Concetto espresso anche ai giornalisti intervenuti, poco dopo l’udienza papale, in una conferenza stampa promossa nella Sala Marconi della Radio vaticana insieme a segretario e presidente della Comunione delle Chiese riformate, dal presidente della Federazione delle Chiese evangeliche in Italia (FCEI), pastore Luca Maria Negro e padre Federico Lombardi, direttore della Sala stampa vaticana. Pillay ha ricordato ai giornalisti intervenuti che «molti passi in avanti sono stati compiuti nel dialogo», ribadendo l’urgenza di proseguire il lavoro fatto sino a oggi in campo ecumenico, proprio per contrastare «la situazione di indicibile ingiustizia che domina il mondo intero».
L’incontro ha avuto al suo centro la commemorazione comune dei 500 anni della Riforma protestante e la promozione di testimonianza cristiana, ribadita a più voci. Il pastore Negro e Chris Ferguson hanno rilevato infatti quanto «la relazione tra giustificazione e giustizia sia uno dei capisaldi teologici della tradizione riformata e come la lotta all’ingiustizia economica, ecologica e di genere sia intesa dalla WCRC e dalle chiese evangeliche italiane come un’espressione viva della fede cristiana». Ne è testimonianza la Confessione di Accra (patto per la giustizia economica ed ecologica siglato in Ghana nel 2004), approvata in occasione dell’assemblea generale dell’allora Alleanza riformata mondiale nel 2004.
Sui 500 anni della Riforma anche papa Francesco ha detto parole importanti in occasione dell’udienza: «Dobbiamo anzitutto essere grati a Dio per la nostra fraternità ritrovata», ha detto. Tale fraternità – ha proseguire citando Giovanni Paolo II – «non è la conseguenza di un filantropismo liberale o di un vago spirito di famiglia, ma si radica nel riconoscimento dell’unico battesimo e nella conseguente esigenza che Dio sia glorificato nella sua opera. In questa comunione spirituale – ha concluso Francesco – cattolici e riformati possono promuovere una crescita comune per servire meglio il Signore».

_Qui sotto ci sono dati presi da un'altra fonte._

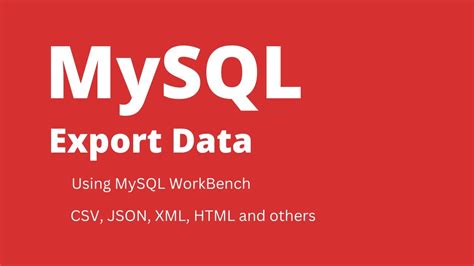 Mysql How To Export Database Using Mysql Workbench Youtube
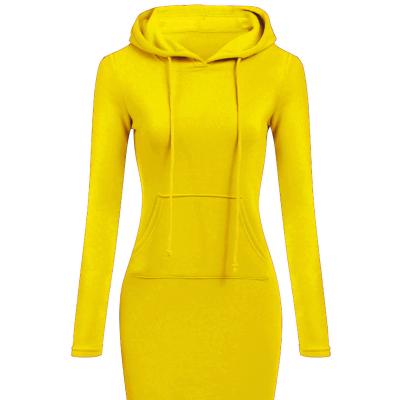 China Anti-pilling New Autumn Winter Ladies Pocket Long Solid Color Sweatshirt Pullover Hoodie Dress for sale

La visita della delegazione della WCRC, ha sottolineato padre Lombardi, «è stato un altro elemento da aggiungere alla prospettiva ecumenica del pontificato di Francesco». Il moderatore Bernardini, infine, ha sottolineato l’impegno ecumenico che ha portato le Chiese metodiste e valdesi, la FCEI e la Comunità di sant’Egidio a promuovere insieme il progetto dei «corridoi umanitari» che ha già portato in Italia, in modo sicuro e legale oltre duecento profughi prevalentemente siriani dal Libano, proprio «nello spirito di quell’ecumenismo della concretezza sulla cui urgenza tutti convergono».